I don't know if it should be ascribed to a failure of education, which ties into your uneducated x educated split, or something else. I do think the world gets a bit complex these days, full of policies and laws in place not because of their 1st order effects, but rather because of 2nd and 3rd order. Free-trade is one of these. Once you're taught the theory of relative advantages, etc. be it as an Econ, Pol Sci or any other college major, rarely are those people against it. But most people that don't know will probably think through, find the 1st order effect (job offshoring) and be against it.

Long (infinite?) topic... got to end of my energy to write right now.
 
The experts are appraising Trump as though he is an expert. He isn't. He is a pleb. A very rich and now powerful pleb.

Pleb is the last word I'd choose to describe Trump. I don't think he is one, nor have I heard anyone else describe him as such. From his TV shows to camapign to interviews, it's pretty obvious that he considers him far above Plebs.

The plebs own the majority vote and have shown how powerful they can be. Which raises a very interesting question to me: If plebs hate experts, can we expect all institutions open to popular vote being run by plebs into the future? And is it no longer desirable to be an expert?
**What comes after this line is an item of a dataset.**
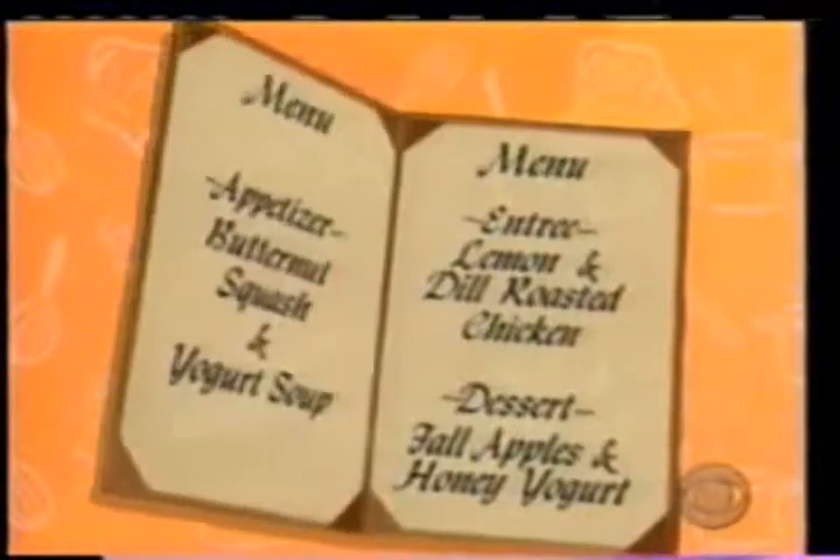We are here now with Chef Mina Newman. Hi, Chef — thanks for coming. Good morning. What are we going to have today? We're going to have butternut squash and yogurt soup, lemon and dill roasted chicken, and fall apples with honey yogurt. This sounds good — let's get started.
It's nothing to do with expertise. It's more on adaptability. The world is becoming a smaller (integrated) place and there are people who cannot adapt to this. People who were facing competition from local markets, the face national competitors and now are competing internationally. This leads to a antipathy towards globalization. The advent of automation adds to the issue. Now plebs feel threatened because they'll be made redundant due to technology or priced out by cheaper markets in East.
 
@MTF

I don't know any system without popular representation which has survived for long and maintained free speech, association, movement. I do know a few lines for Madison warning against this, and his proposed solution:

The main designer, furthermore, was an astute political thinker James Madison, whose views largely prevailed. In the debates on the Constitution, Madison pointed out that if elections in England" were open to all classes of people, the property of landed proprietors would be insecure. An agrarian law would soon take place," giving land to the landless. The Constitutional system must be designed to prevent such injustice and "secure the permanent interests of the country," which are property rights.
Among Madisonian scholars, there is a consensus that "the Constitution was intrinsically an aristocratic document designed to check the democratic tendencies of the period," delivering power to a "better sort" of people and excluding those who were not rich, well born, or prominent from exercising political power (Lance Banning). The primary responsibility of government is "to protect the minority of the opulent against the majority," Madison declared. That has been the guiding principle of the democratic system from its origins until today.
Madison foresaw that the threat of democracy was likely to become more severe over time because of the increase in "the proportion of those who will labor under all the hardships of life, and secretly sigh for a more equal distribution of its blessings." They might gain influence, Madison feared. He was concerned by the "symptoms of a leveling spirit" that had already appeared, and warned "of the future danger" if the right to vote would place "power over property in hands without a share in it." Those "without property, or the hope of acquiring it, cannot be expected to sympathize sufficiently with its rights," Madison explained. His solution was to keep political power in the hands of those who "come from and represent the wealth of the nation," the "more capable set of men," with the general public fragmented and disorganized...
 
Jesus, please don't use the pleb like that.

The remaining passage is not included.